▶ _Material for the task_
-*-*-

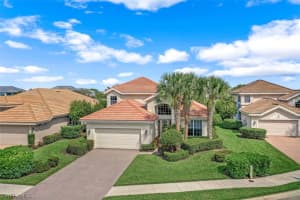 11857 Bramble Ct, Naples, FL 34120, Sold 05/17/22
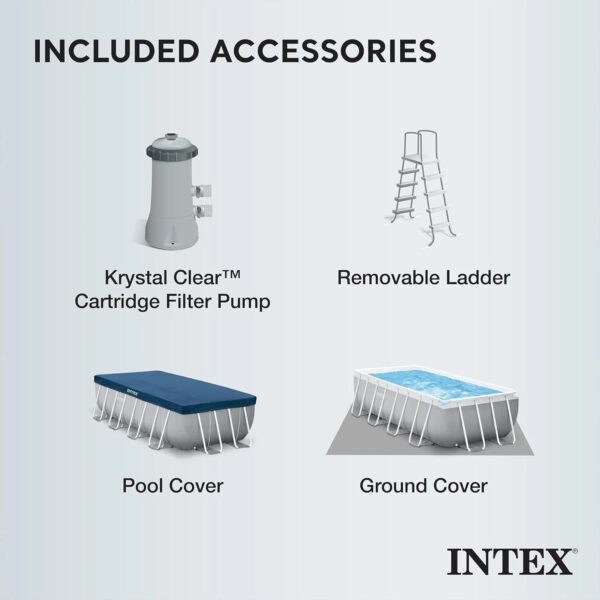 intex-prism-frame-16-x-8-x-42-rectangular-above-ground-pool-set-1780610484813-5 Intex Prism Frame 16′ x 8′ x 42′ Rectangular Above Ground Pool Set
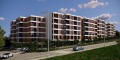 Продава  2-стаен град Бургас , Меден рудник - зона Д , 68 кв.м | 54341668 - изображение [3]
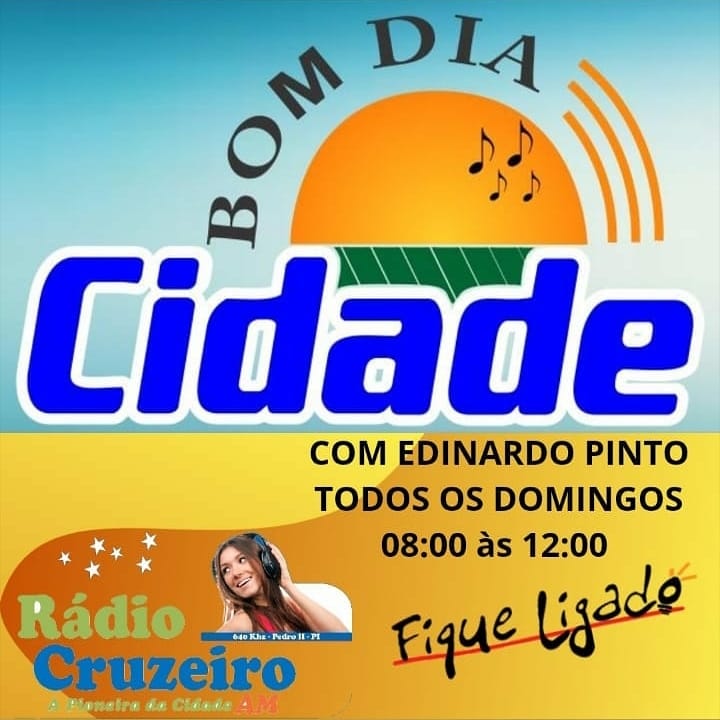 Ednardo Pinto (@Ednardopinto) / Twitter Ednardo Pinto (@Ednardopinto) / Twitter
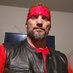 Kirk (@kirk0486451576) Twitter profile photo Kirk (@kirk0486451576) Twitter profile photo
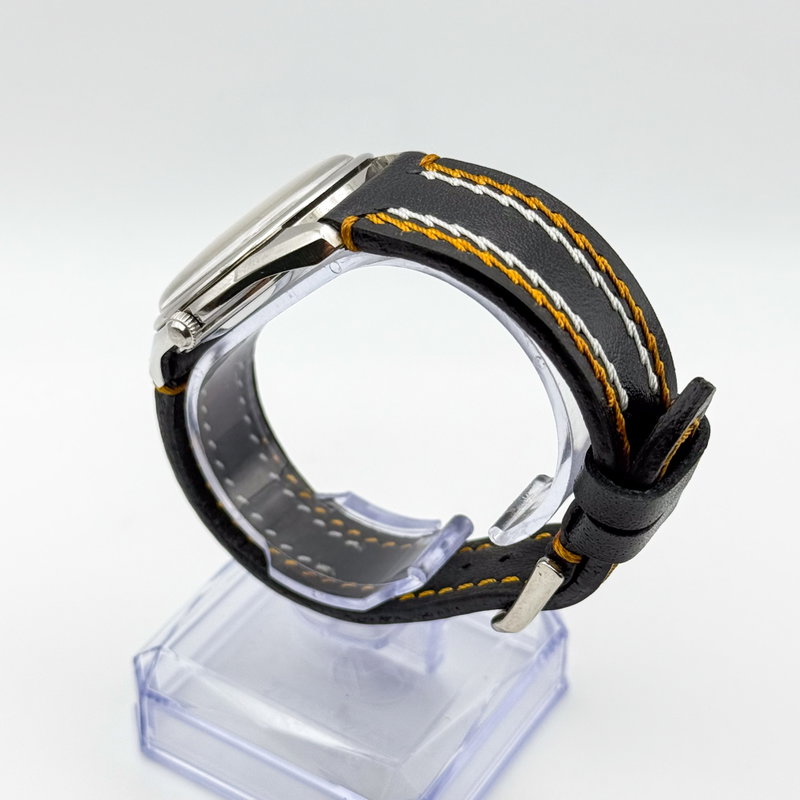 Seiko Seiko - Skyliner - Sin precio de reserva - 6102-8000 - Hombre - 1969 vintage watch - image 7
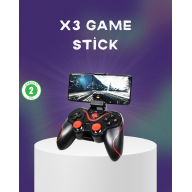 Altın Nota Sol Anahtarı Müzik Box Döner Mekanizmalı Hediyelik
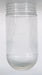 Myhouse Lighting Nuvo Lighting - 50-547 - Glass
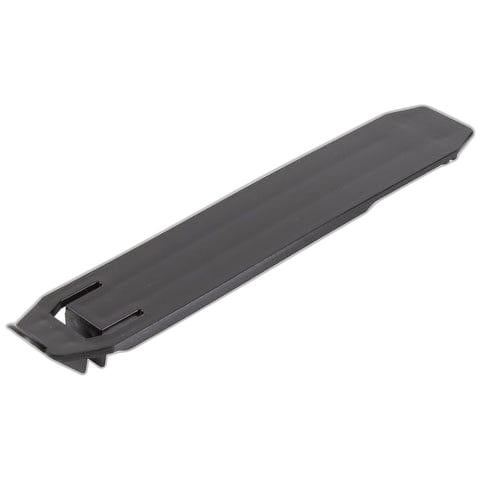 downloaded_images\genuine-ford-1323316-c-max-focus-c-max-mpv-focus-c-max-headlamp-mounting-bracket-1-1qOMNy7LHcyC4cpFZ-o5YcjPPgybmGjF8.jpg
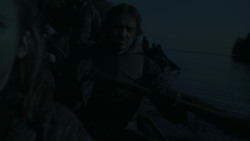 extant_GameOfThrones_4x06-TheLawsOfGodsAndMen_0986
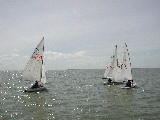 <a href='bateau.php?id_bateau_select=25'>Laser(241)</a> : <a href='equipier.php?id_contact_select=53'>Benoit V</a> <br> <a href='bateau.php?id_bateau_select=6'>470(12296)</a> : <a href='equipier.php?id_contact_select=12'>Nathalie D</a> - <a href='equipier.php?id_contact_select=11'>Didier D</a> <br> <a href='bateau.php?id_bateau_select=79'>470</a> : <a href='equipier.php?id_contact_select=30'>Thomas D</a> - <a href='equipier.php?id_contact_select=31'>Benjamin D</a>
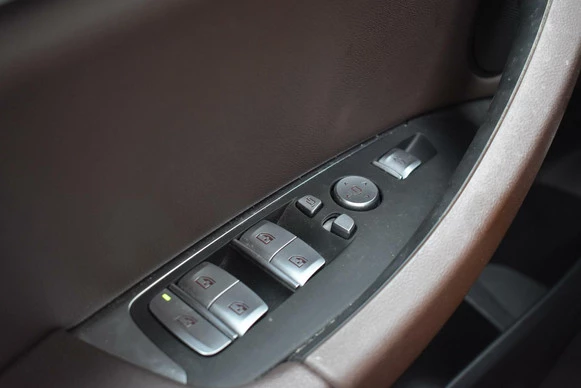 BMW iX3 - Afbeelding 29 van 30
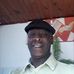 Mario Branco - Facebook
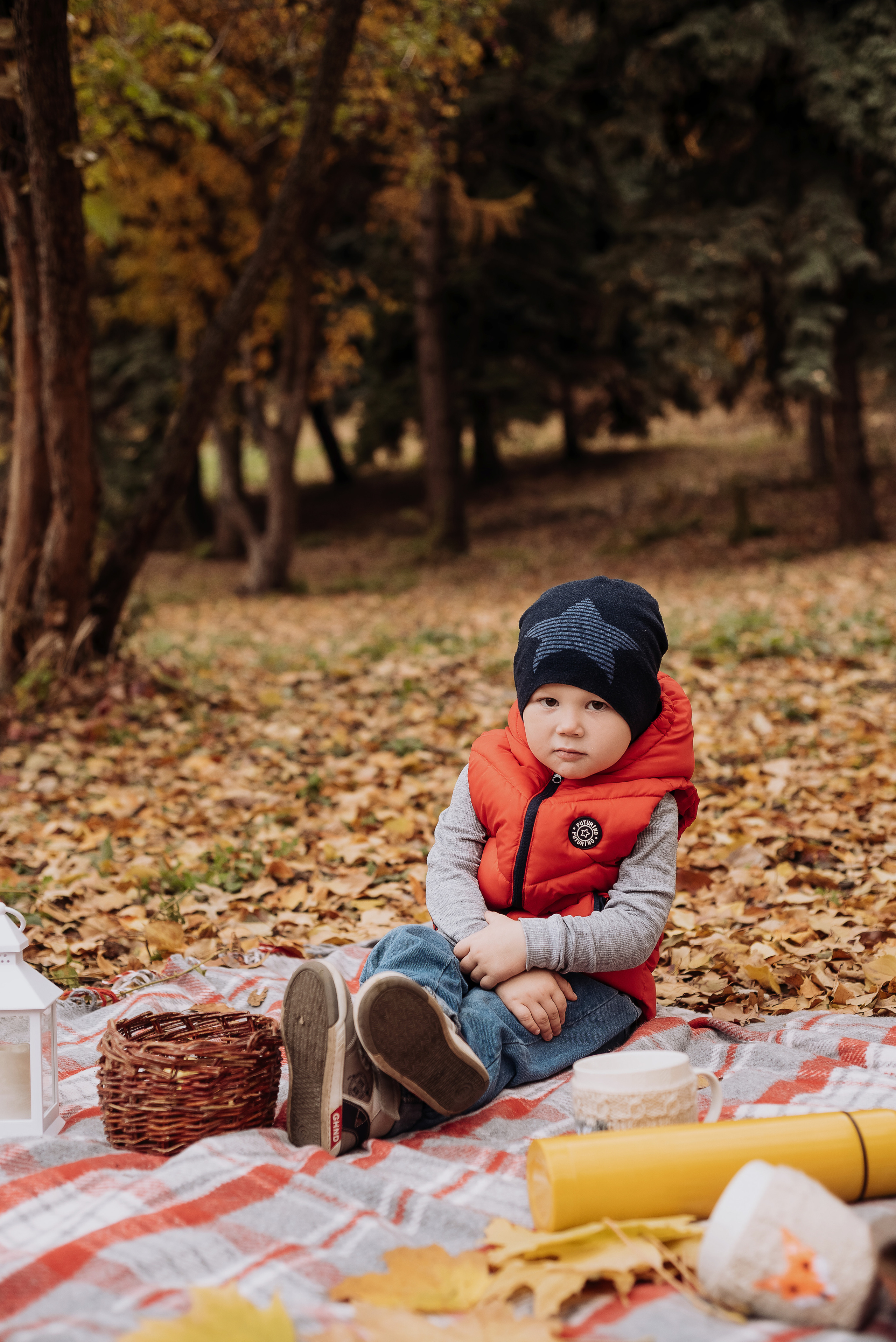🤎. Фотограф Ульяновск Ксения Холматова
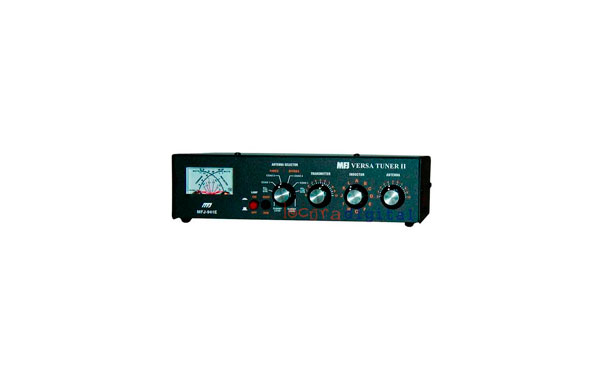 MFJ941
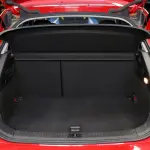 Audi A1 2013 из Китая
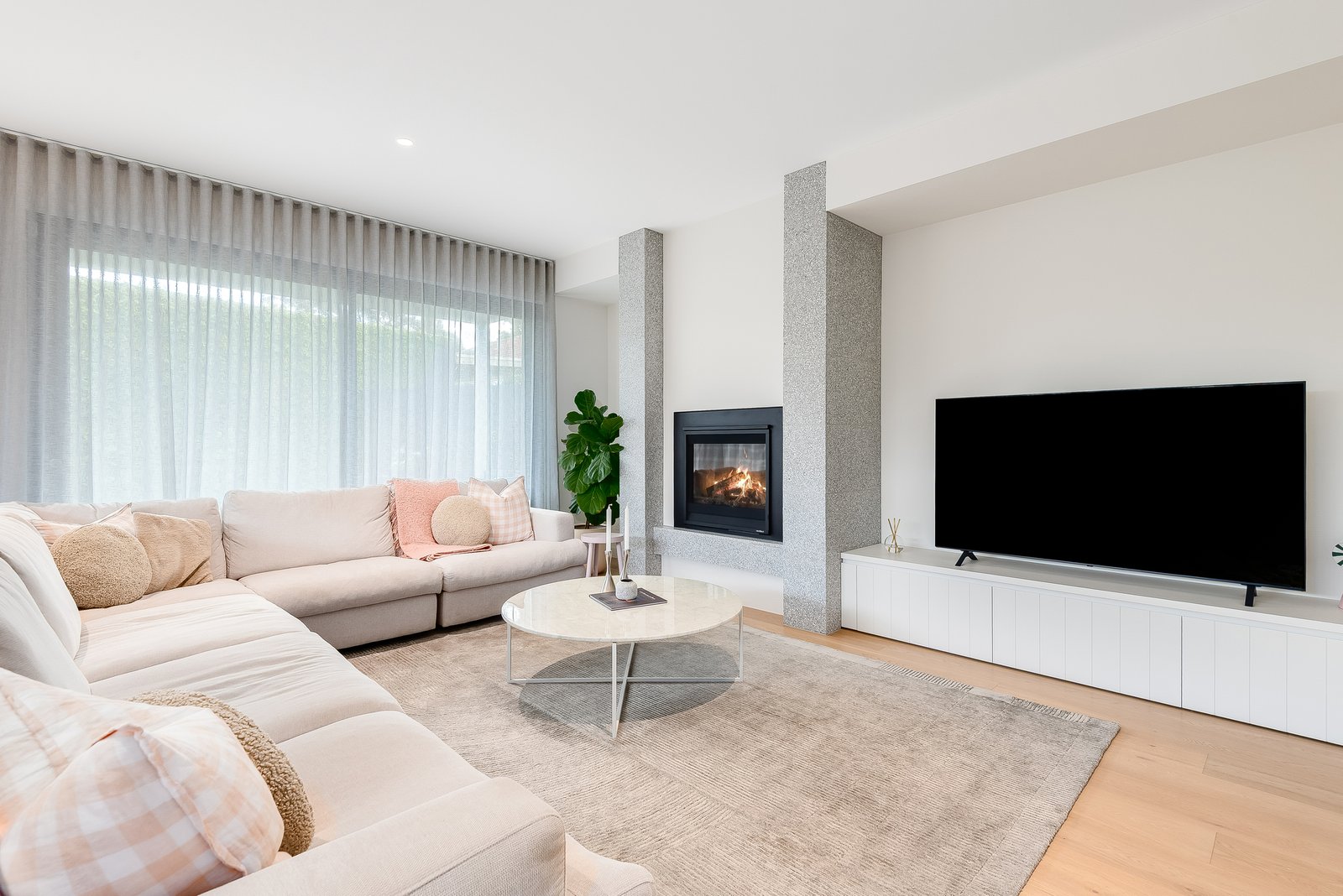 Gallery: 2/13 Vista Road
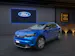 FORD Capri Extended Range (77 kWh) Premium RWD AUTOMAT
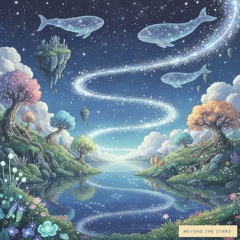 Beyond the Stars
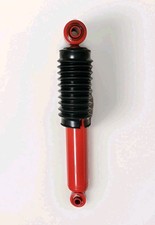 Kyb 565032 Monomax Heavy Duty Gas Shock - Single Shock Only No Hardware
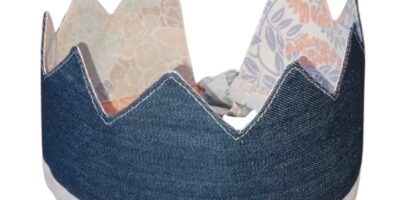 Couronne des reines et Couture Power – Techniques pro & finitions qui brillent // samedi, 31 janvier 2026, 15:00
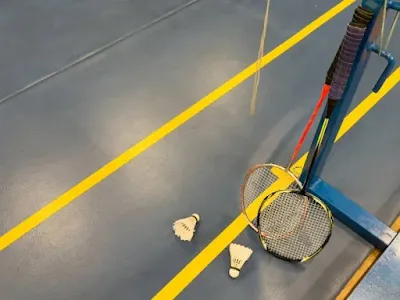 Jual Karpet Badminton Karawang Jawa Barat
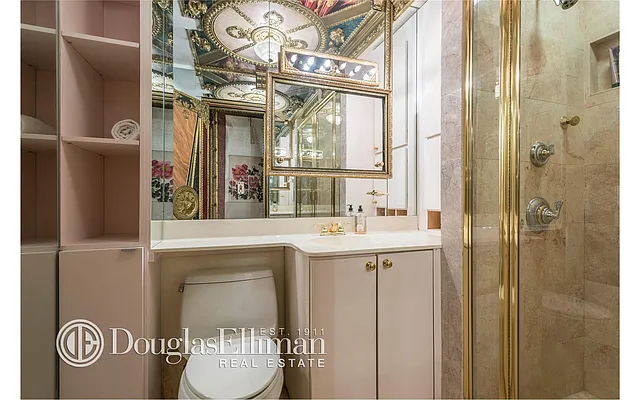 Rented by Douglas Elliman | media 5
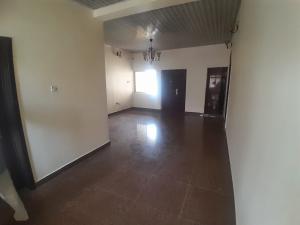 2 bedroom Flat / Apartment for rent Mabushi Abuja. Mabushi Abuja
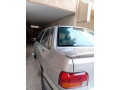kia-classic-lx-small-2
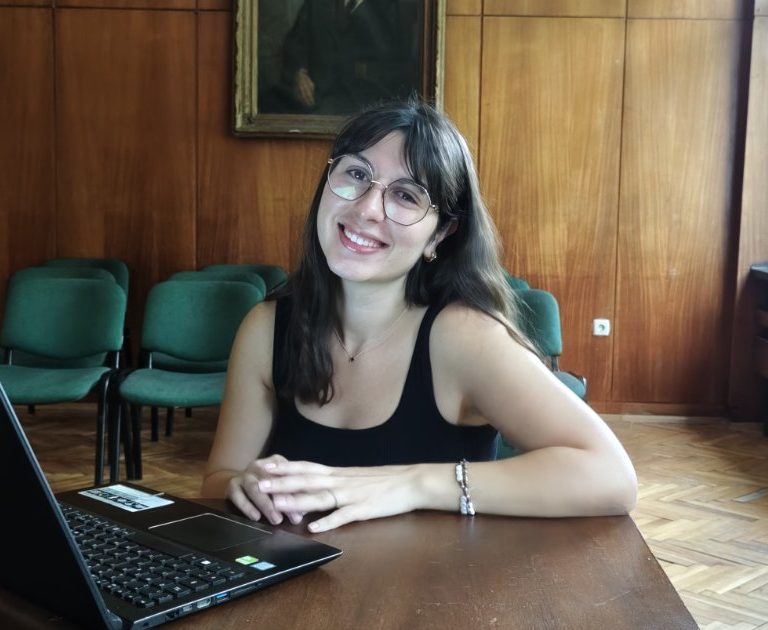 Алесия Руоло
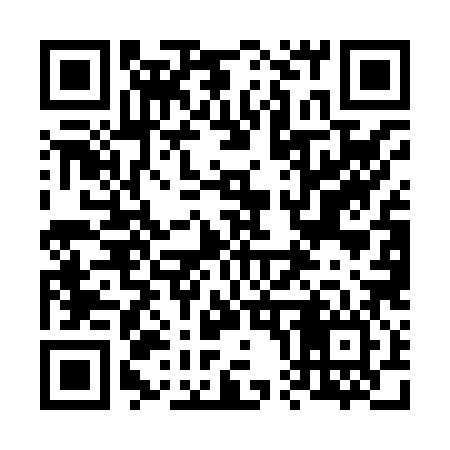 QR code for 605H86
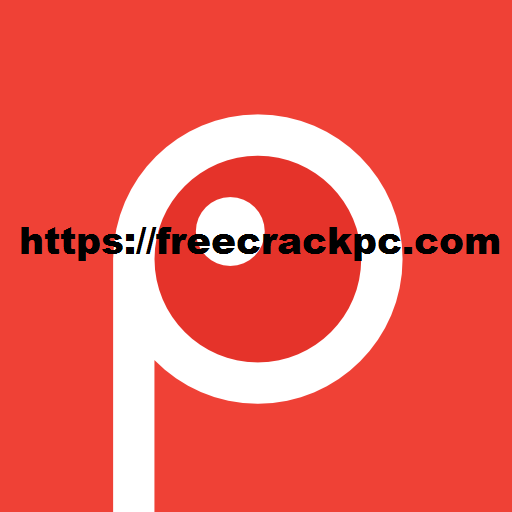 Screenpresso Crack 1.10.1 Plus Keygen Free Download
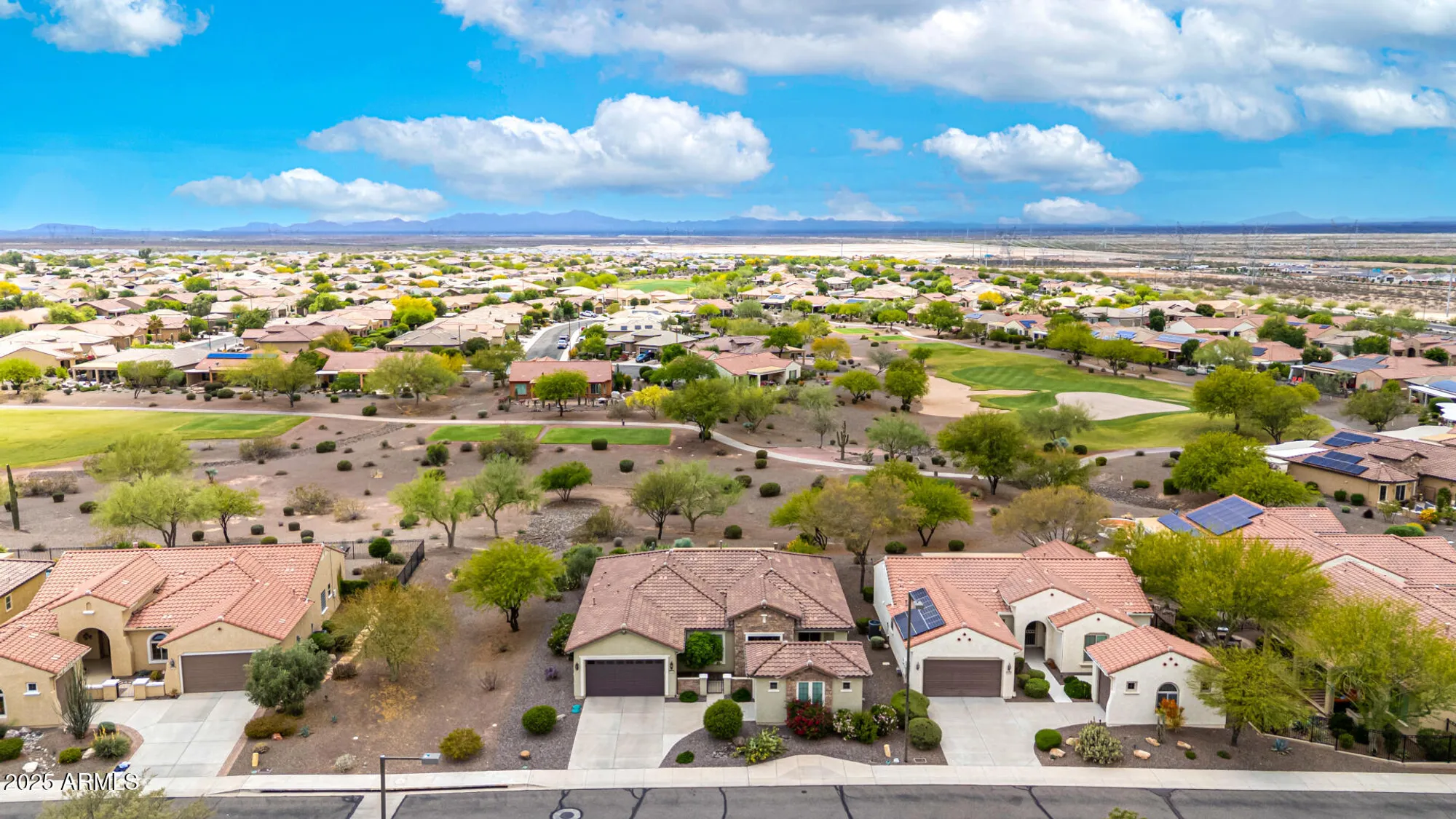 Property Slideshow image 62 of 71 | 20642 n 268th dr, Buckeye, AZ, 85396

-*-*-

Copy the listing above in full and exactly, but omit each picture that it holds.

 11857 Bramble Ct, Naples, FL 34120, Sold 05/17/22
 intex-prism-frame-16-x-8-x-42-rectangular-above-ground-pool-set-1780610484813-5 Intex Prism Frame 16′ x 8′ x 42′ Rectangular Above Ground Pool Set
 Продава  2-стаен град Бургас , Меден рудник - зона Д , 68 кв.м | 54341668 - изображение [3]
 Ednardo Pinto (@Ednardopinto) / Twitter Ednardo Pinto (@Ednardopinto) / Twitter
 Kirk (@kirk0486451576) Twitter profile photo Kirk (@kirk0486451576) Twitter profile photo
 Seiko Seiko - Skyliner - Sin precio de reserva - 6102-8000 - Hombre - 1969 vintage watch - image 7
 Altın Nota Sol Anahtarı Müzik Box Döner Mekanizmalı Hediyelik
 Myhouse Lighting Nuvo Lighting - 50-547 - Glass
 downloaded_images\genuine-ford-1323316-c-max-focus-c-max-mpv-focus-c-max-headlamp-mounting-bracket-1-1qOMNy7LHcyC4cpFZ-o5YcjPPgybmGjF8.jpg
 extant_GameOfThrones_4x06-TheLawsOfGodsAndMen_0986
 <a href='bateau.php?id_bateau_select=25'>Laser(241)</a> : <a href='equipier.php?id_contact_select=53'>Benoit V</a> <br> <a href='bateau.php?id_bateau_select=6'>470(12296)</a> : <a href='equipier.php?id_contact_select=12'>Nathalie D</a> - <a href='equipier.php?id_contact_select=11'>Didier D</a> <br> <a href='bateau.php?id_bateau_select=79'>470</a> : <a href='equipier.php?id_contact_select=30'>Thomas D</a> - <a href='equipier.php?id_contact_select=31'>Benjamin D</a>
 BMW iX3 - Afbeelding 29 van 30
 Mario Branco - Facebook
🤎. Фотограф Ульяновск Ксения Холматова
 MFJ941
 Audi A1 2013 из Китая
 Gallery: 2/13 Vista Road
 FORD Capri Extended Range (77 kWh) Premium RWD AUTOMAT
 Beyond the Stars
 Kyb 565032 Monomax Heavy Duty Gas Shock - Single Shock Only No Hardware
 Couronne des reines et Couture Power – Techniques pro & finitions qui brillent // samedi, 31 janvier 2026, 15:00
 Jual Karpet Badminton Karawang Jawa Barat
 Rented by Douglas Elliman | media 5
 2 bedroom Flat / Apartment for rent Mabushi Abuja. Mabushi Abuja
kia-classic-lx-small-2
 Алесия Руоло
 QR code for 605H86
 Screenpresso Crack 1.10.1 Plus Keygen Free Download
 Property Slideshow image 62 of 71 | 20642 n 268th dr, Buckeye, AZ, 85396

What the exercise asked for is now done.